▸ THE PROBLEM: Give all the lines below again, exactly, with no pictures.

▸ Data items:
'''

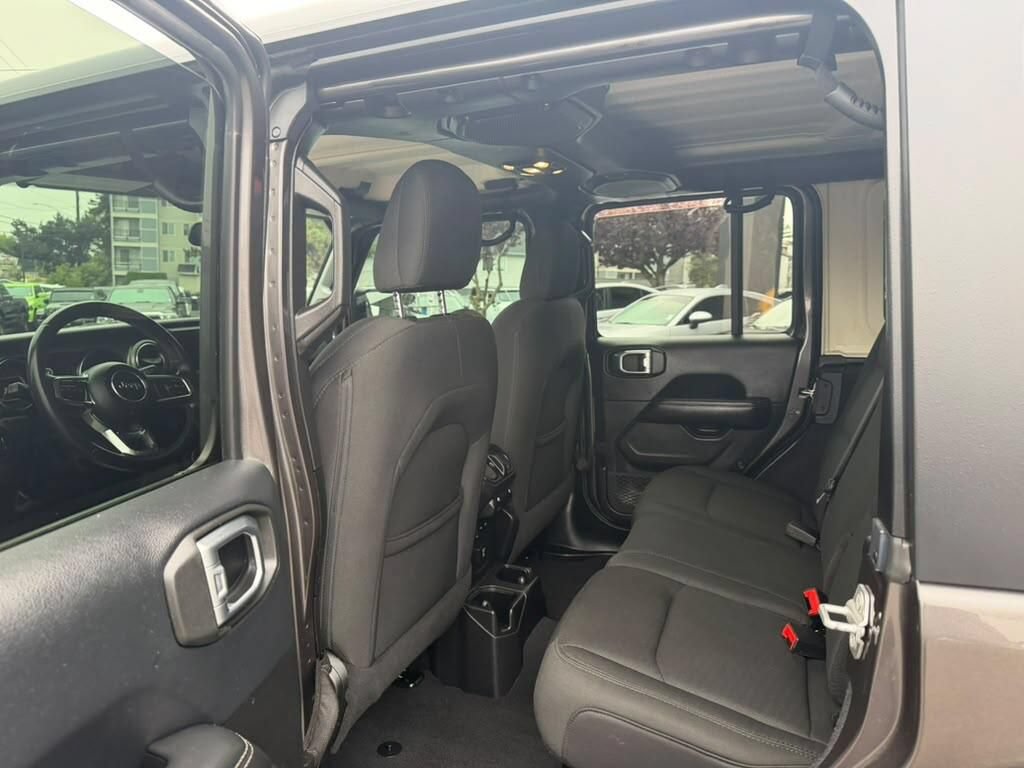 Used 2019 Jeep Wrangler Unlimited Sahara AWD/4WD image 12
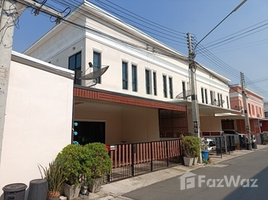 2 Bedroom Townhouse for sale at Saenrak 5 Nong Tamlueng-Chak Samo, Nong Tamlueng, Phan Thong, Chon Buri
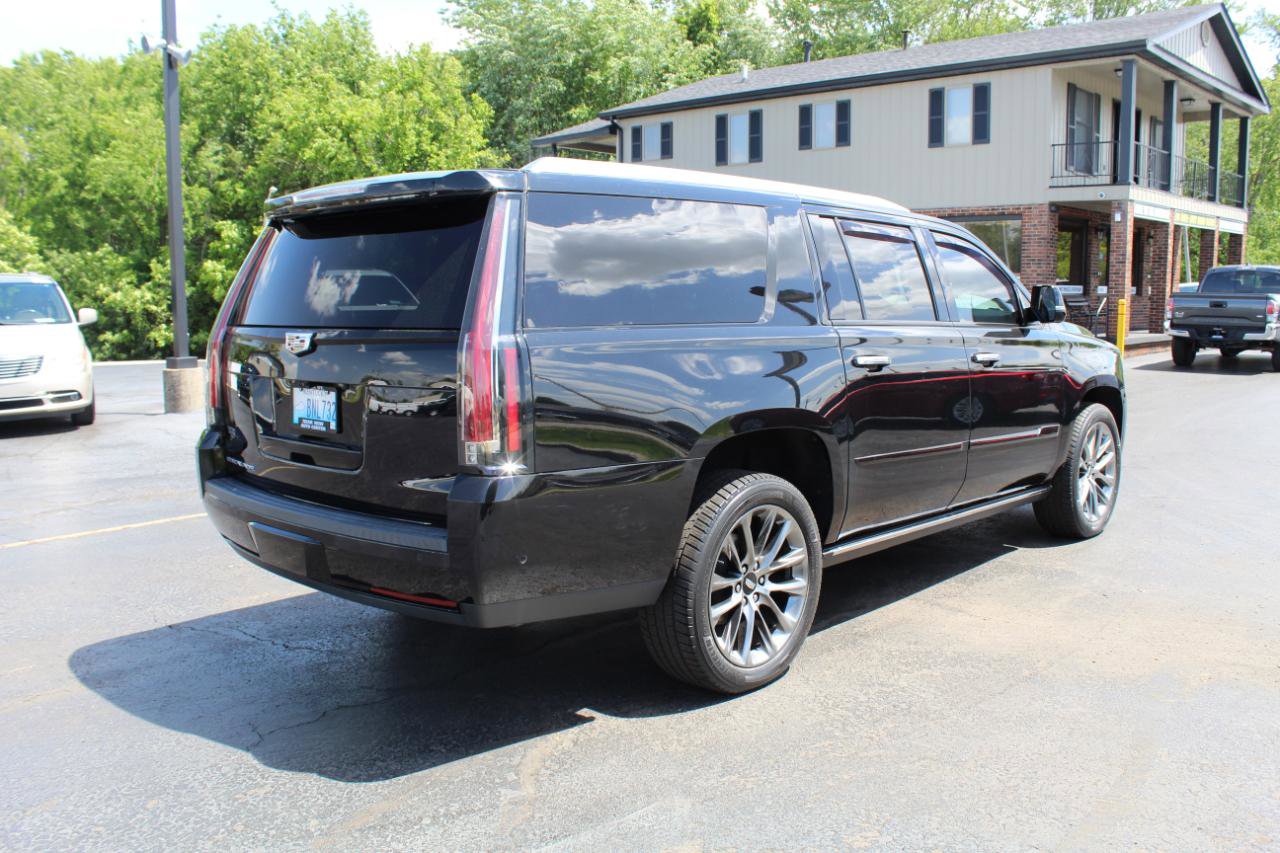 Used 2019 Cadillac Escalade ESV Platinum w/ Escalade Sport Edition AWD/4WD image 5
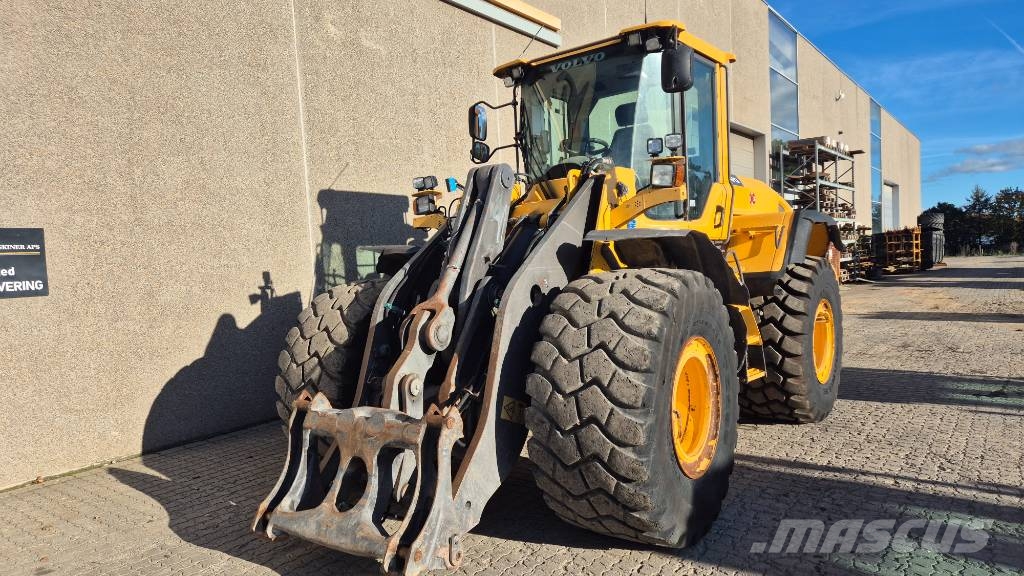 Volvo L 120 G Pás carregadoras de rodas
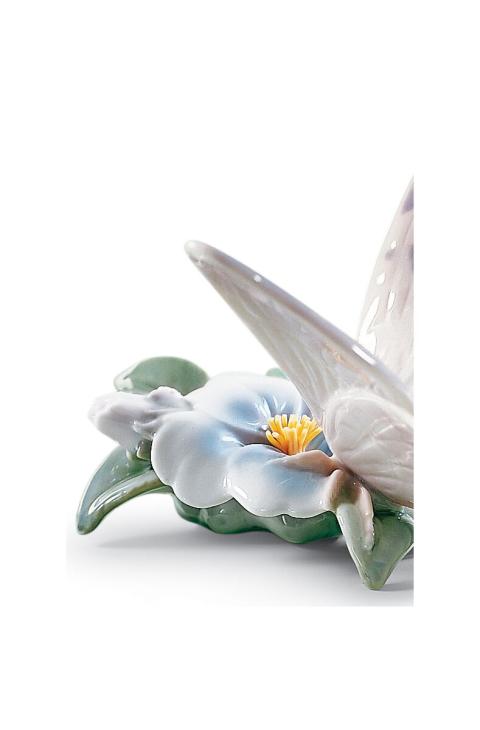 Refreshing Pause Butterfly Figurine - Lladro-USA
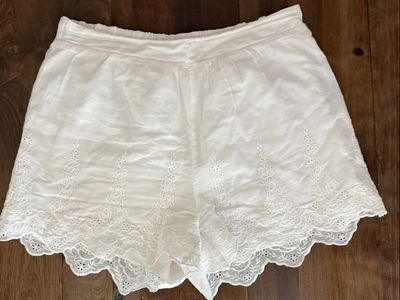 Lauren Conrad eyelet lace white shorts S inseam 3.5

'''

▸ EXERCISE ANSWER:
 Used 2019 Jeep Wrangler Unlimited Sahara AWD/4WD image 12
 2 Bedroom Townhouse for sale at Saenrak 5 Nong Tamlueng-Chak Samo, Nong Tamlueng, Phan Thong, Chon Buri
 Used 2019 Cadillac Escalade ESV Platinum w/ Escalade Sport Edition AWD/4WD image 5
 Volvo L 120 G Pás carregadoras de rodas
 Refreshing Pause Butterfly Figurine - Lladro-USA
 Lauren Conrad eyelet lace white shorts S inseam 3.5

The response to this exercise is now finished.